E. Donald McKay III Receives Presidential Award from the Eastern Section of the American Association of Petroleum Geologists

Dr. E. Donald McKay III, former Director of the Illinois State Geological Survey (ISGS)

Dr. E. Donald McKay III, former Director of the Illinois State Geological Survey (ISGS), has been awarded the prestigious Presidential Award from the Eastern Section of the American Association of Petroleum Geologists (AAPG) for his many years of service at the ISGS. The announcement was made by David C. Harris, chair of the Honors and Awards Committee, on August 6. Don and a second awardee, James C. Cobb, Director of the Kentucky Geological Survey, will be presented Presidential Awards at the Eastern Section meeting in London, Ontario, on September 28.
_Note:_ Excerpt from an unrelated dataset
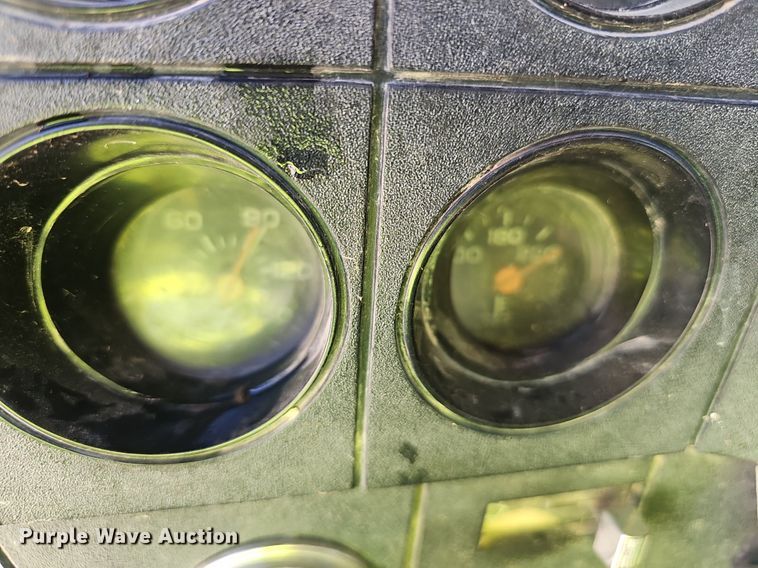 image for item NX9004 1985 GMC C7000 vacuum truck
Don retired as Director of the Illinois State Geological Survey and as the 12th State Geologist of Illinois on May 30, 2014, after 38 years of service. He became Director in 2008 and was the first to serve the Survey after it joined the University of Illinois as part of the Prairie Research Institute. Don is a second-generation geologist from the Illinois oil patch (Crawford County), where his father, Ed McKay, was a prominent and respected Illinois Basin petroleum geologist. Don attended Hanover College, earning a B.A. (1971) in geology. He began work at ISGS as a student in 1971, completing M.S. (1975) and Ph.D. (1977) degrees in Quaternary geology at the University of Illinois at Urbana-Champaign. He joined the Survey’s Hydrogeology Section (1973) and became Assistant Geologist (1976). Don quickly became committed to teaming actively with hydrogeologists, environmental geologists, and engineering geologists to apply the understanding of Quaternary frameworks to solving technical and societal issues. This collaborative style has been the foundation of Don’s success throughout his research and administrative career at the Survey.

After completing his Ph.D., Don worked with a Survey engineering geology team doing large-scale tests of backfilling of abandoned underground coal mines to mitigate subsidence. This and his training in civil engineering at the University of Illinois led to Don’s appointment as Assistant Geologist in the Engineering Geology Section (1979). His stint there was brief, as he was soon recruited to work in the nuclear power and nuclear waste isolation industry, for three years characterizing the geology of nuclear power plant sites and evaluating hydrogeologic settings of nuclear waste isolation sites. Then ISGS pulled Don back to his “scientific and employment home.” Don jumped into the digital world early and became lead geologist for the implementation of GIS (1983) and head of the Computer Research Section (1985). He was promoted to head of the Geologic Mapping and Framework Studies Group (1993) and Chief Scientist (2000). 

Throughout his tenure, Don consistently shared his very early vision that Survey geologists be armed with powerful digital technologies and specialized geoscience software to effectively accomplish their applied research mission and objectives. Through his leadership in acquiring and developing digital tools and systems, and “going digital” for geologic mapping and interpretation, all in support of research, decision making, and policy development, he implemented that vision. Don fostered the creation of digital products and databases, enhanced computer mapping and 3-D visualization capabilities, and had all of the Survey’s publications scanned and posted online. He initiated open access to well records, seismic data, and maps. And more broadly, under Don’s leadership, the ISGS became the largest state geological survey in the nation, its national and international programmatic reach expanding widely.

With Don’s understanding of Illinois geology, its relevance and application, coupled with his administrative skills and integrity, the best interests of the Survey and of the State and its people have been in good hands.